These scripts assist in uploading an entire directory onto swift. They were intended for directories containing millions of files up to several terabytes large.
- Python 2.7+
- python-mysqldb
- Python Swiftclient
- MySQL database
- The following environment variables
- OS_AUTH_URL
- OS_USERNAME
- OS_TENANT_NAME
- MYSQL_HOST
- MYSQL_USER
- MYSQL_PASSWD
- MYSQL_DB
Step 1. Index target directory with prepareupload.py
$ python prepareupload.py PathTodirectory MysqlTableName
This creates a table MysqlTableName and populates it with paths to all files in PathToDirectory. It outputs the following log files:
- MysqlTableName.prepare.error.log # Will log any file path that failed when written to the database.

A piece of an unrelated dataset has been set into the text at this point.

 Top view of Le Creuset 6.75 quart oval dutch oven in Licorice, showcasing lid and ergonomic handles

- MysqlTableName.prepare.out # A real time log file as file paths are being parsed.
While the above command is running, in a new tab run the following command to watch the progress of the parsing:
$ tail -f MysqlTableName.prepare.out
Step 2. Upload files as stored in step 1.
$ python bulkupload.py containername MysqlTableName 3
This creates 3 processes that reads from MysqlTableName and uploads files into the container containername. If the upload process is stopped, it can be re-run and continue uploading without reuploading already uploaded files. Increase 3 to an appropriate number that your CPU can handle for faster speeds.

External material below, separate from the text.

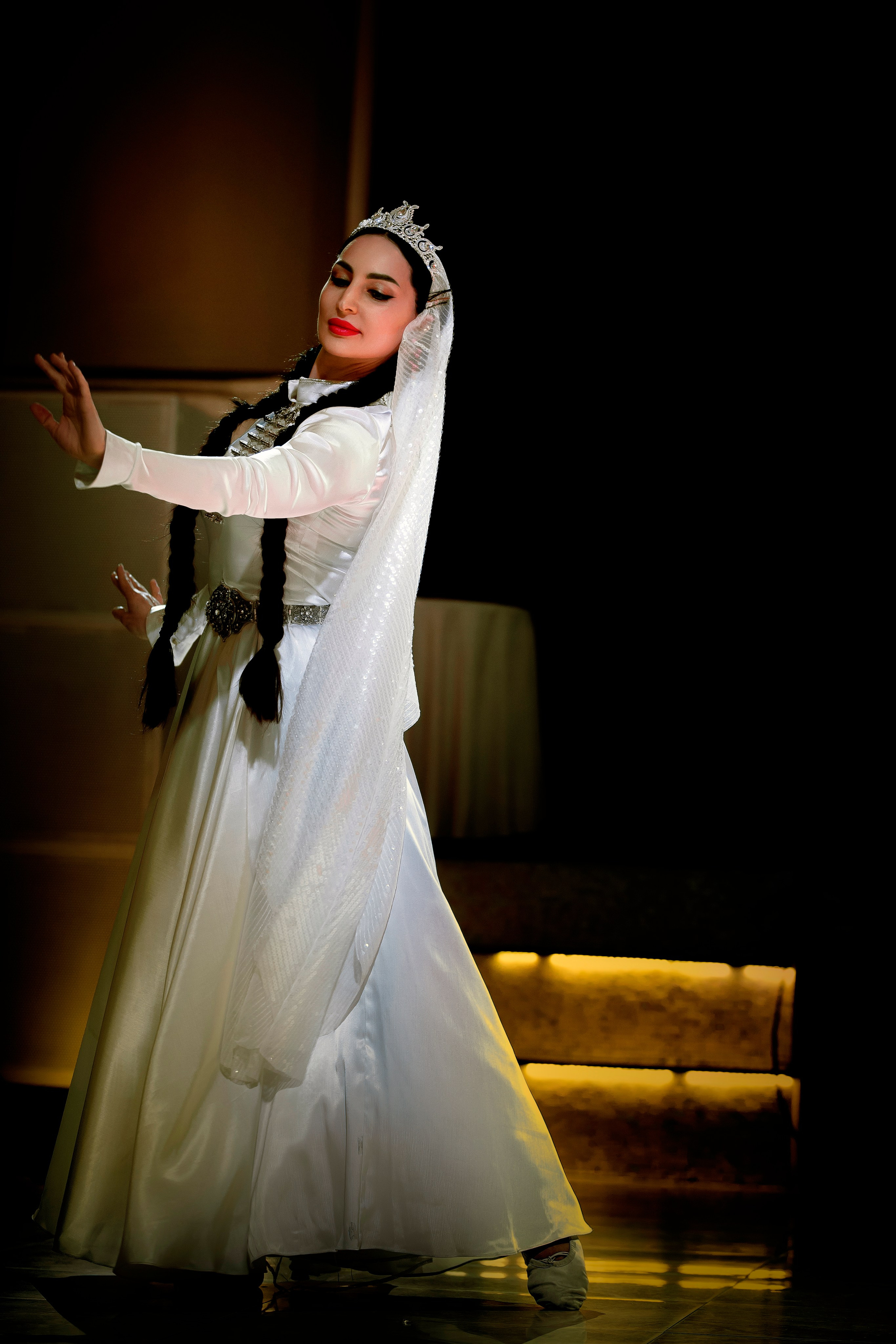 Восточная красавица с лампой Аладдина в развороте уходит с кадра, освещена золотым софитом на ED Fashion Show New Names 2024.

This script outputs the following files:
- MysqlTableName.upload.out # Real time progress of upload
- MysqlTableName.error.log # Logs failed uploads
- MysqlTableName.report.log # Created when upload is complete with summary of results.
To check the progress of the upload, run the following command:
$ tail -f MysqlTableName.upload.out
####path-cutoff
Example:
$ python bulkupload.py containername MysqlTableName 3 path-cutoff
When uploading a directory from your filesystem, the folder structure is maintained. But sometimes you may not need the entire path. Say you have files in /Users/John/Doe/assets. By using Doe as your path-cutoff, only the directory structure under assets will be maintained.